J'avois pris pour revenir le sentier de la montagne que vous connoissez. Je la descendois, rempli de ces idées, et voyant devant moi ces riches plaines, ces grosses fermes, ces nombreux villages qui nous entourent, et sur-tout le nôtre, si propre, si bien bâti, et si peuplé de braves gens; voilà que je m'avisai de penser à tout ce que cela deviendroit si tout-àcoup il n'y avoit plus d'impôts, et par conséquent plus de gouvernement. Des millions d'hommes ruinés et devenus des brigands vagabonds, les villes et les hameaux pillés et dévastés, la famine, l'esclavage et la mort, ce sont les premières images qui se présentèrent. Je frémis, et tout en arrivant à ma porte, je finis par conclure, qu'au lieu de nous effrayer, de nous lamenter, de nous gendarmer d'avance, au sujet de ce que nous aurons à payer, nous devions faire pour l'impôt comme fait tout homme raisonnable, et qui s'entend aux affaires ; qu'ainsi ce n'est pas l'argent que nous donnons, mais ce qu'on nous donne pour notre argent qu'il faut d'abord calculer. C'est de quoi, mes amis, je me suis occupé toute la semaine, et c'est aussi de quoi nous allons parler.

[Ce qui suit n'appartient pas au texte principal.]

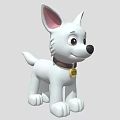 Cartoon White Dog with Brown Collar Yellow Tag Big Ears Round Eyes and Friendly Expression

La France payera-t-elle autant, ou plus ou moins d'impôts? c'est ce qui n'est pas encore décidé; mais

d'abord les François ne peuvent distinguer si on leur demande trop aujourd'hui, sans se rappeler ce qu'on leur demandoit avant tout ceci. Pourquoi avons-nous une assemblée nationale? C'est parce que les revenus de la nation ne suffisant plus à ses dépenses, elle étoit ménacée de la ruine honteuse d'une infame banqueroute; c'est parce qu'il falloit des subsides, c'est-à-dire, un surcroît d'impôts. Mais quand la France, en s'épuisant de nouveau, seroit parvenue à combler cet énorme DEFICIT dont on nous a tant parlé ; il est certain que les abus, les profusions de la cour, une guerre (car la guerre est bien plus fréquente sous le régime despotique auroit bientôt renouvelé les besoins et accumulé nos charges. Ainsi, mes amis, partons d'abord de ces deux points. Il auroit fallu payer davantage, et ce surplus ne nous eût conduits qu'à la prochaine nécessité de payer encore plus.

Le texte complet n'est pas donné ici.